▶ _Problem to work on_
Set down the listing below again, exactly as written.

▶ _Data below_
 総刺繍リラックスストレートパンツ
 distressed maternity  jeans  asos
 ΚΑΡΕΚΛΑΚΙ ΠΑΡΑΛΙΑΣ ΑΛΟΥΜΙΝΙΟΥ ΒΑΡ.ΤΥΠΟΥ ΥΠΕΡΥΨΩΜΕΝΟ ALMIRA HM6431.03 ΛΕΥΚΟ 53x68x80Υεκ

▶ _Solution to this exercise_
 総刺繍リラックスストレートパンツ
 distressed maternity  jeans  asos
 ΚΑΡΕΚΛΑΚΙ ΠΑΡΑΛΙΑΣ ΑΛΟΥΜΙΝΙΟΥ ΒΑΡ.ΤΥΠΟΥ ΥΠΕΡΥΨΩΜΕΝΟ ALMIRA HM6431.03 ΛΕΥΚΟ 53x68x80Υεκ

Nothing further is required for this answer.